1918 ➤ War: the 20th-century way to build a new world

We Are Making a New World,  Paul Nash,Imperial War Museum,Robert Hughes, Shock of the New

We Are Making a New World, 1918: war artist Paul Nash’s ironic vision of the Western Front (Imperial War Museum, London)

❏ Robert Hughes laments the effects of war in The Shock of The New, his 1980 BBC series on modern art (6 minutes)

Robert Hughes , Sylvia Shap,Smithsonian Institute

Robert Hughes (1981): detail from portrait of the critic by Sylvia Shap (Smithsonian Institute)

❚ “IF YOU ASK where is the Picasso of England or the Ezra Pound of France, there is only one probable answer: still in the trenches.”

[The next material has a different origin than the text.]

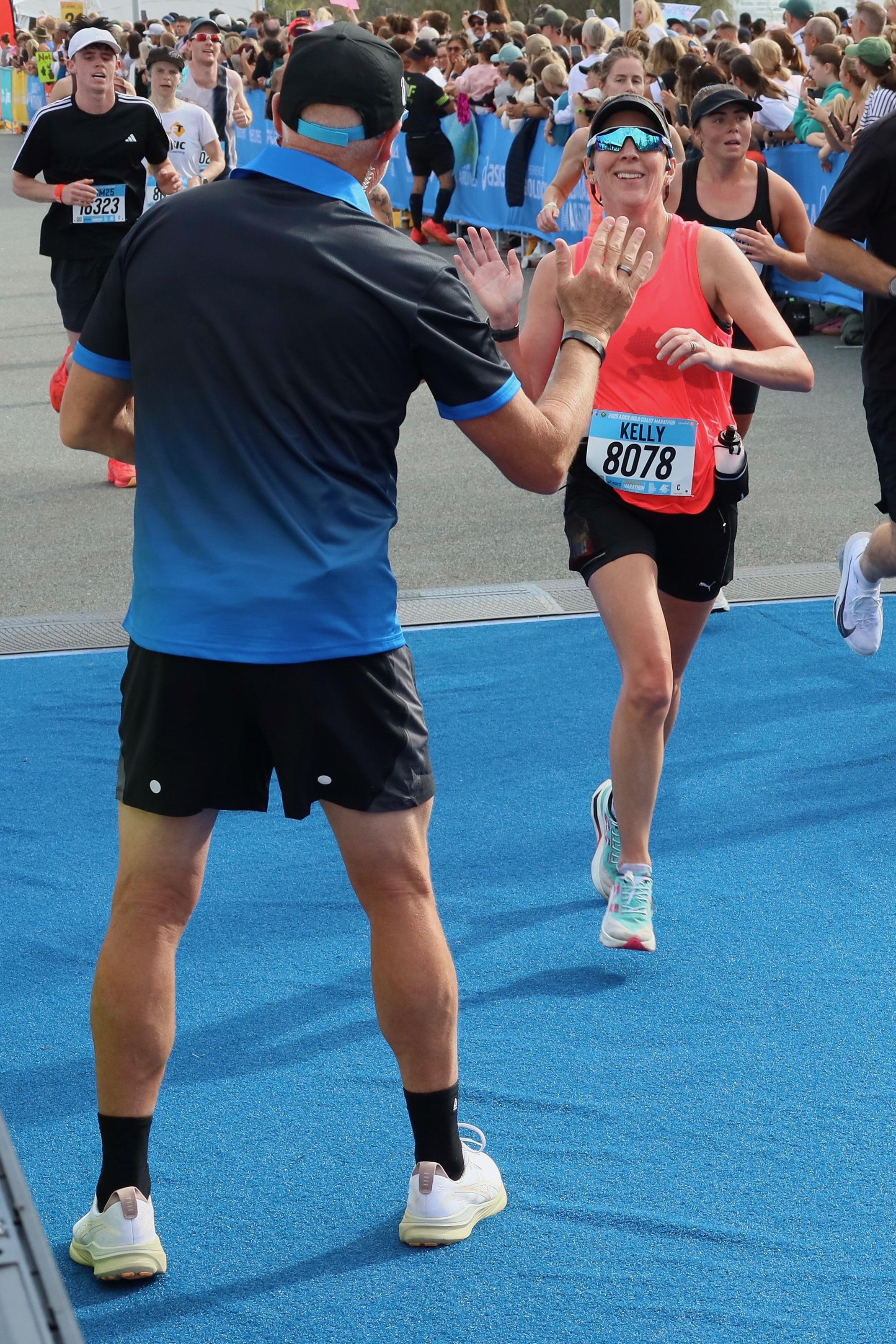 A woman runner high-fives a man at a marathon finish line, with many spectators and other runners in the background.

In 1980 the no-nonsense art critic Robert Hughes was standing in the former waste-land created in France by sustained bombardment between 1914 and 1918. He was presenting the milestone TV epic, The Shock of the New, which spanned the 20th century in eight hour-long episodes described recently by one critic as “the greatest series on art ever made”. Just as Jacob Bronowski’s powerful documentary series The Ascent of Man had transformed how new generations thought about science in 1973, so too did the Australian-born Hughes for art.  He had already been the critic for the weekly Time magazine for ten years, and the insight, wit and accessibility evident in his TV series confirmed his status as the world’s leading voice on contemporary art.

“World War One destroyed an entire generation,” Hughes maintained in episode two, titled The Powers That Be. “We don’t know and we can’t even guess what might have been painted or written if the war had never happened. As for the waste of minds, we know the names of some who died: among the painters, Umberto Boccioni, Franz Marc, August Macke; the sculptor Henri Gaudier-Brezska; the poets Isaac Rosenberg and Wilfred Owen. But for every one whose name survives there must have been scores, possibly hundreds of those who never had a chance to develop.”

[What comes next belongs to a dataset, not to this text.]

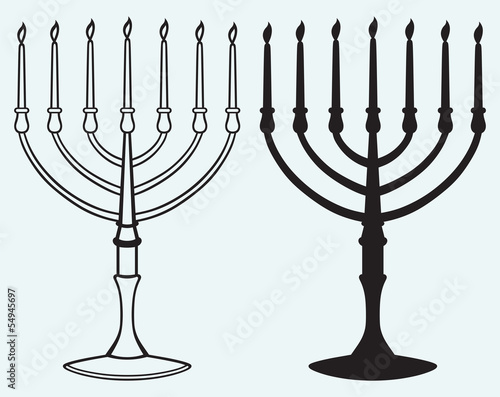 Hanukkah menorah with candles isolated on blue background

Guillaume Apollinaire ,Henri Rousse

Muse Inspiring the Poet (1909): Henri Rousseau’s painting of French poet Guillaume Apollinaire and Marie Laurencin (Art Museum of Basle)

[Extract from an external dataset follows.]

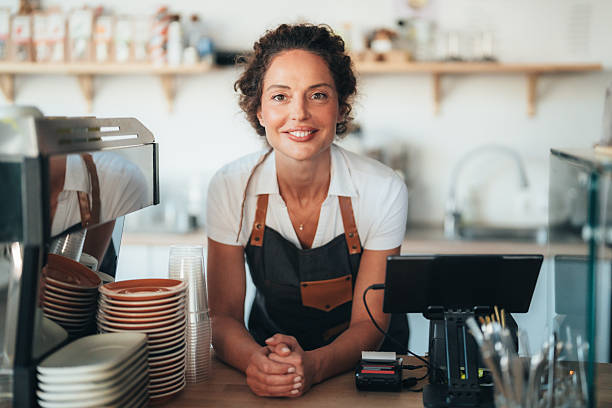 istock Confident barista owner ready to serve with a smile 2250028353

Today being Remembrance Sunday — the closest to “the eleventh hour of the eleventh day of the eleventh month” in 1918 when the Allies confirmed the cease-fire by signing an Armistice — the BBC not only recalled “the pity of war” through the familiar poems of England’s romantic realists Owen and Siegfried Sassoon. Radio 4 also shocked us with a slice of the French poet so avantgarde as to bravely interlace his awe at the nightmare spectacle of the trenches with themes of eroticism, mechanization and other modernist speculation — Guillaume Apollinaire, the man who gave us the word surrealism. He too had sustained a serious shrapnel wound fighting in the trenches, and died just before Armistice Day.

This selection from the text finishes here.